Required action -> Write out, exactly and in full, the records given below, but not their pictures.

____________________

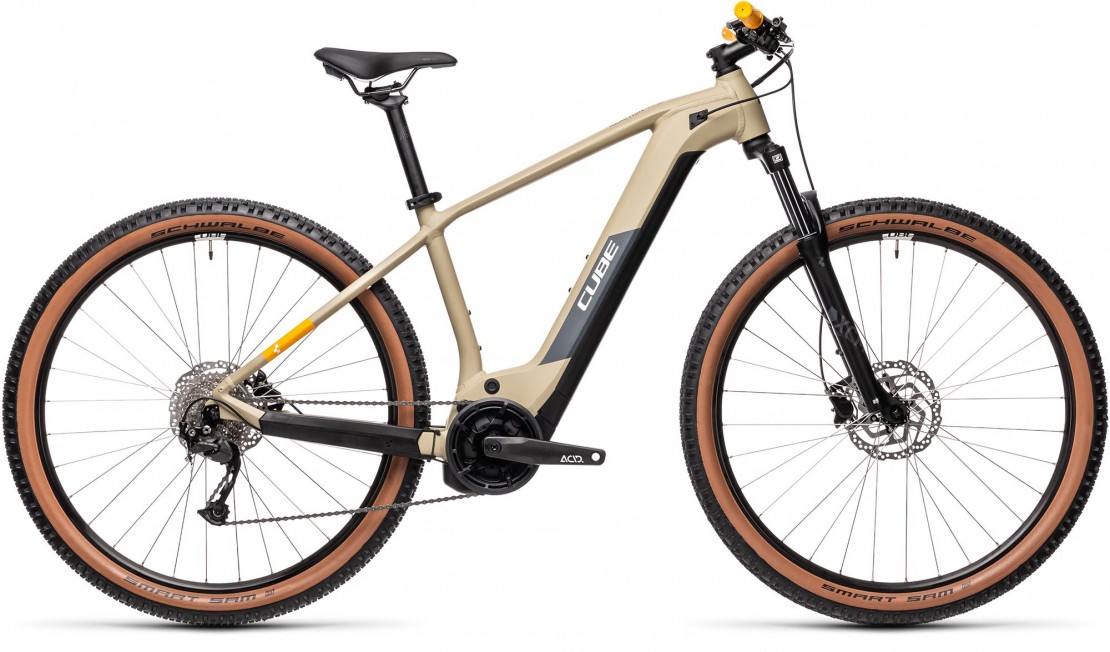 Cube Reaction Hybrid Performance 500 E-Bike, Desert & Orange 2021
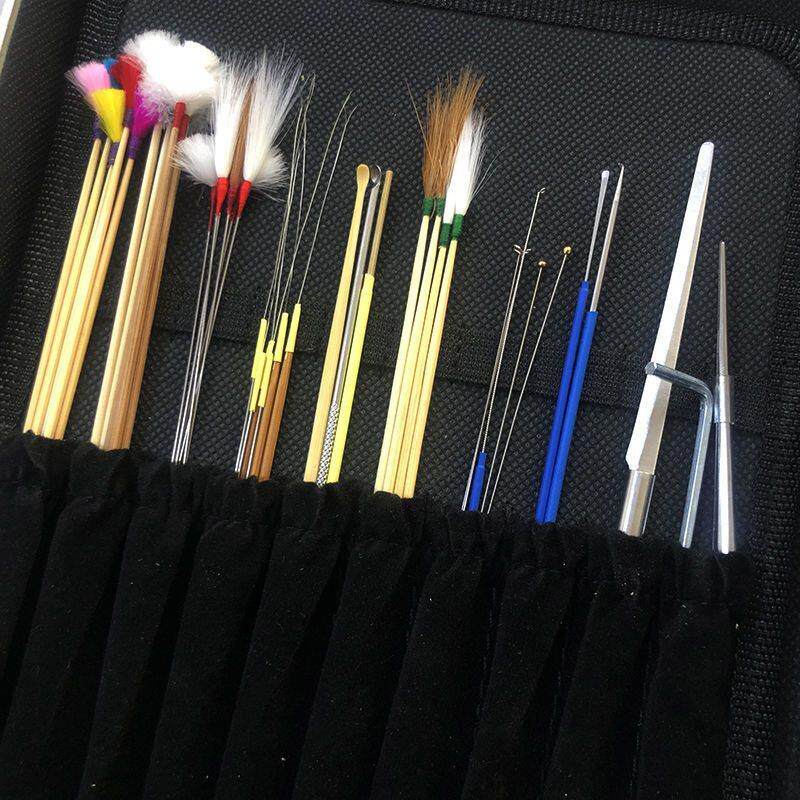 耳工具技师套装便携VKJ耳采箱鹅棒掏耳朵冲电灯手工镊子专业手高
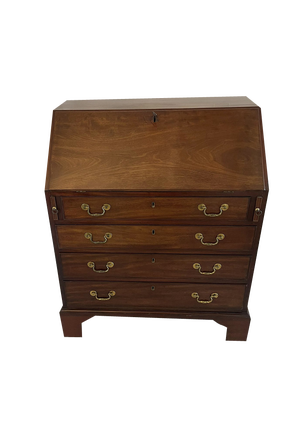 Antique George III Mahogany Desk, 18th Century
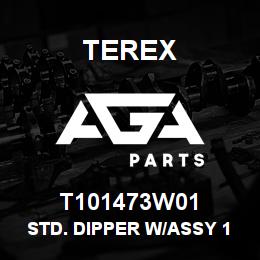 T101473W01 Terex STD. DIPPER W/ASSY 14' (TEREX WHITE) | AGA Parts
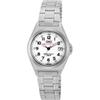 Citizen Q&Q Analog Solar Watch H061-204 Waterproof Date Display Metal Band White Dial Ladies Silver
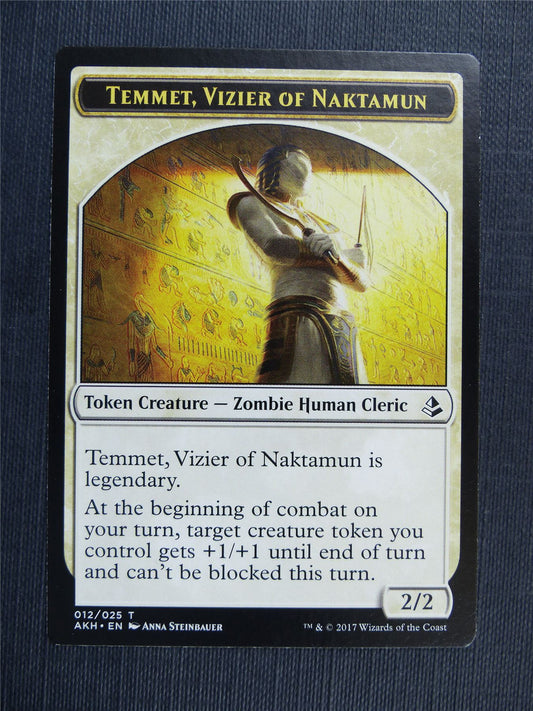 Temmet Vizier of Naktamun - Token - Mtg Magic Cards #2ZT
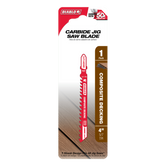 Diablo DJT144DHM 4" 5/7TPI Carbide Jig Saw Blade for Composite Decking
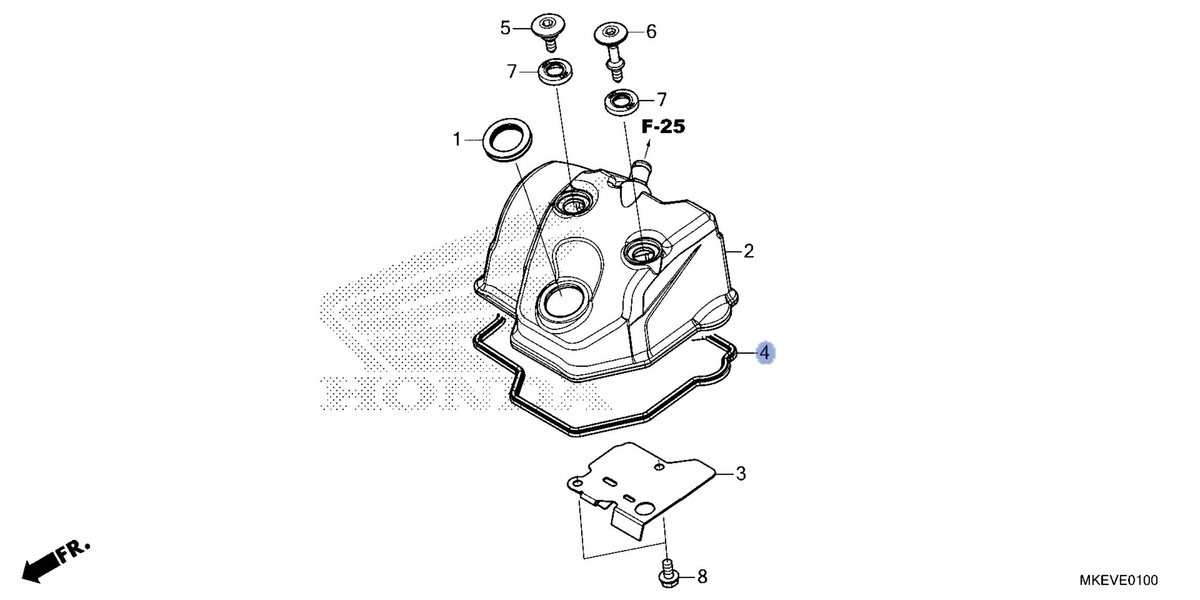 Honda OEM part 12391-MKE-B50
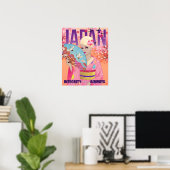 Blij in Japan Klein Poster (Thuiskantoor)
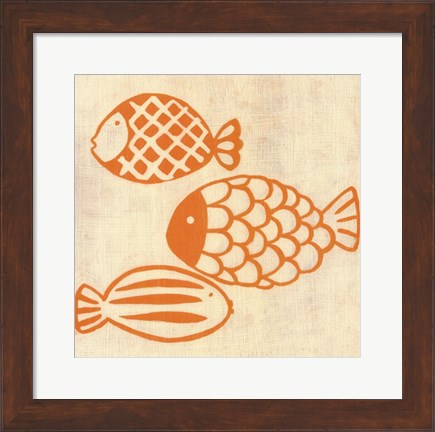Framed Best Friends- Fish Print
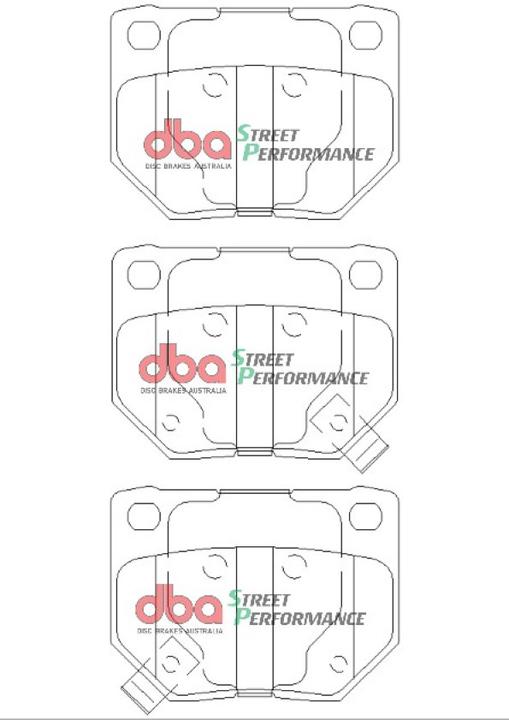 DBA Street Performance Brake Pad Set Rear DB1220SP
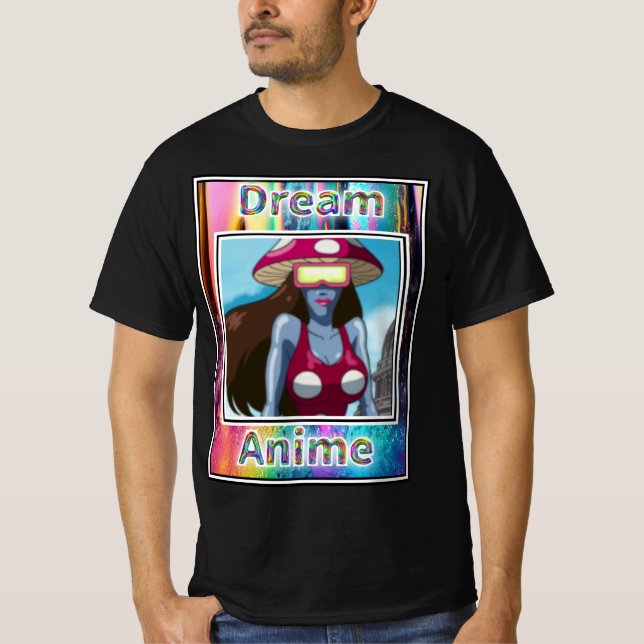 Camiseta Sueño de Anime de Robot de Hongo (Anverso)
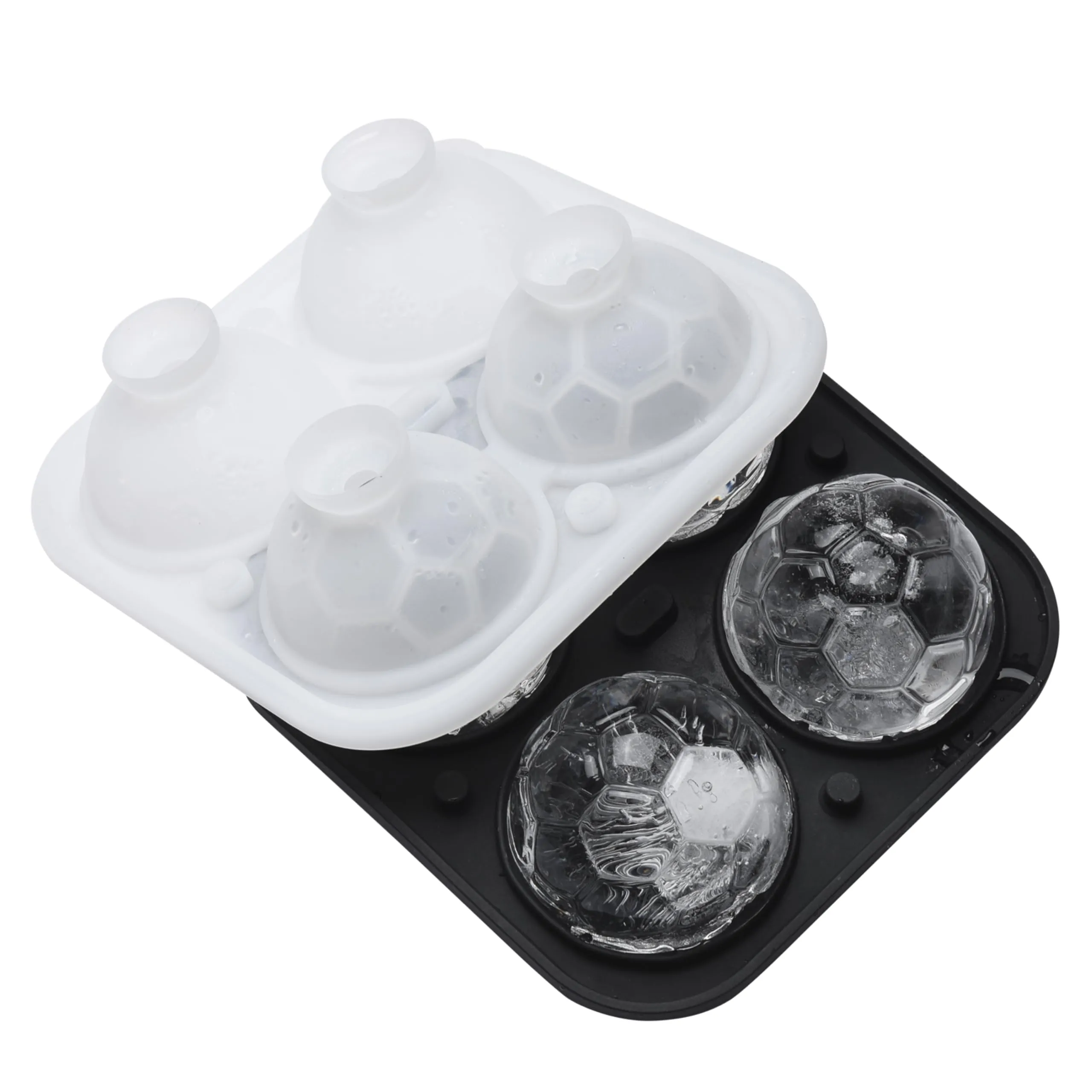 Regal Trunk Silicone Football Mold Black - 4 Pcs Whiskey Glass Ice Cubes -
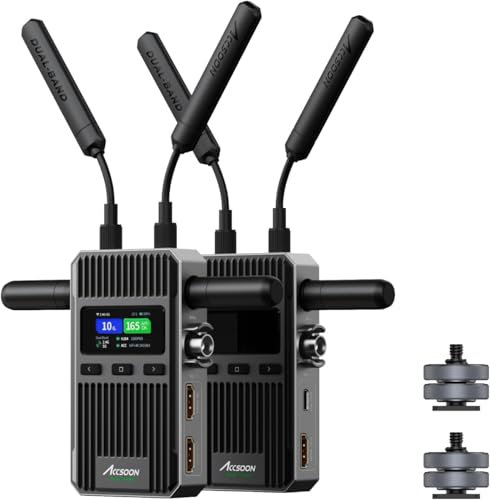 Accsoon CineView 2 SDI Kabelloses Videoübertragungssystem Latenz weniger als 50 ms 2,4GHz 5GHz 450m 1080P 60fps IOS Android Sender Empfänger UVC Live-Streaming(Empfänger + Sender)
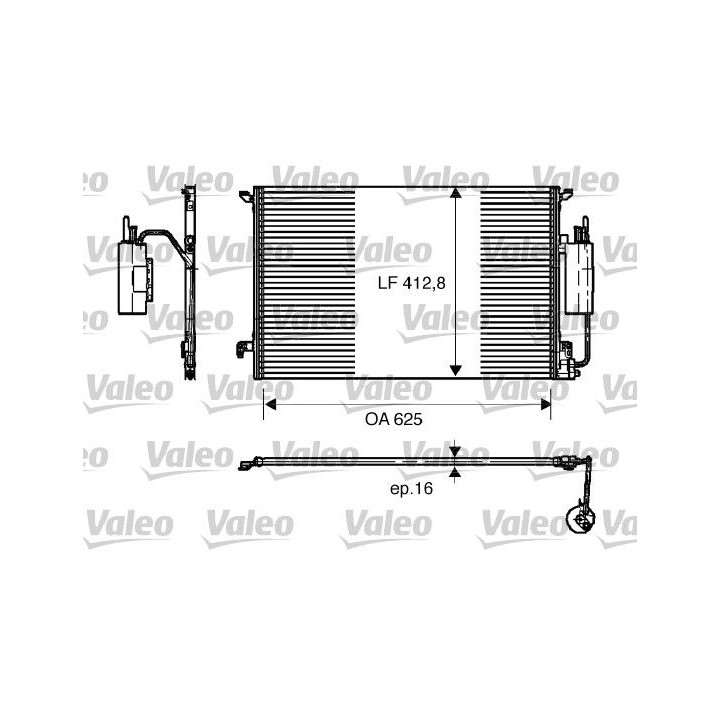 Kondensatorius, oro kondicionierius VALEO 818175
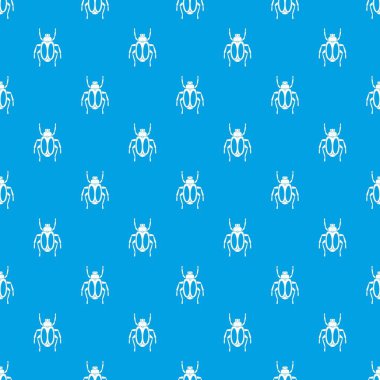 Bok böceği deseni kesintisiz mavi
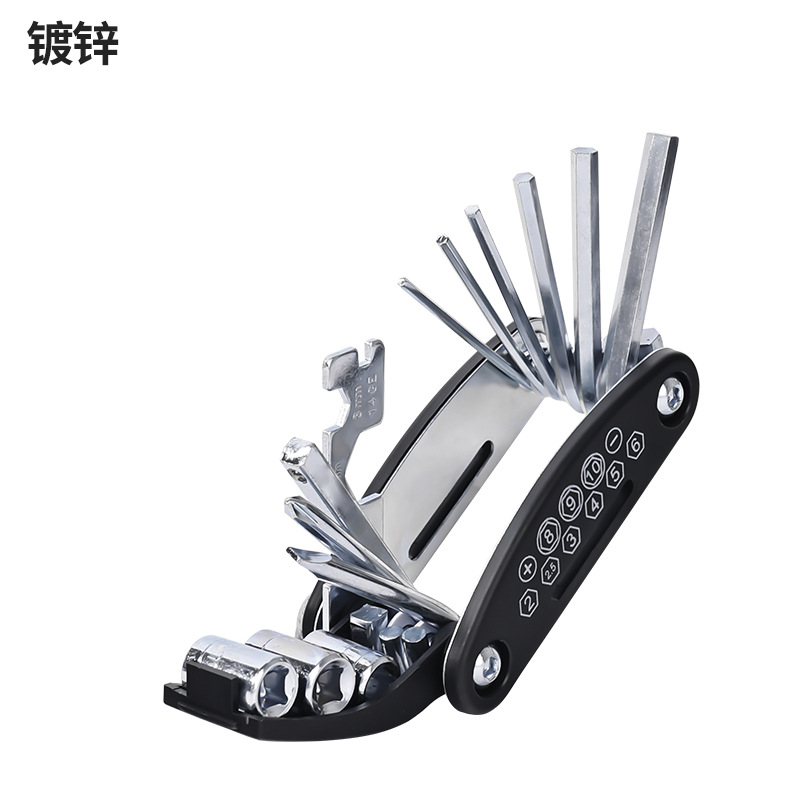 16 in 1 Mountain Bike Portable Socket Multipurpose Wrench Bicycle Multi Tool Screwdriver Motorcycle Bicycle Repair Tools: Default Title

____________________

Answer to the problem ->
 Cube Reaction Hybrid Performance 500 E-Bike, Desert & Orange 2021
 耳工具技师套装便携VKJ耳采箱鹅棒掏耳朵冲电灯手工镊子专业手高
 Antique George III Mahogany Desk, 18th Century
 T101473W01 Terex STD. DIPPER W/ASSY 14' (TEREX WHITE) | AGA Parts
 Citizen Q&Q Analog Solar Watch H061-204 Waterproof Date Display Metal Band White Dial Ladies Silver
 Temmet Vizier of Naktamun - Token - Mtg Magic Cards #2ZT
 Diablo DJT144DHM 4" 5/7TPI Carbide Jig Saw Blade for Composite Decking
 Honda OEM part 12391-MKE-B50
 Blij in Japan Klein Poster (Thuiskantoor)
Framed Best Friends- Fish Print
 DBA Street Performance Brake Pad Set Rear DB1220SP
 Camiseta Sueño de Anime de Robot de Hongo (Anverso)
 Regal Trunk Silicone Football Mold Black - 4 Pcs Whiskey Glass Ice Cubes -
 Accsoon CineView 2 SDI Kabelloses Videoübertragungssystem Latenz weniger als 50 ms 2,4GHz 5GHz 450m 1080P 60fps IOS Android Sender Empfänger UVC Live-Streaming(Empfänger + Sender)
 Kondensatorius, oro kondicionierius VALEO 818175
 Bok böceği deseni kesintisiz mavi
 16 in 1 Mountain Bike Portable Socket Multipurpose Wrench Bicycle Multi Tool Screwdriver Motorcycle Bicycle Repair Tools: Default Title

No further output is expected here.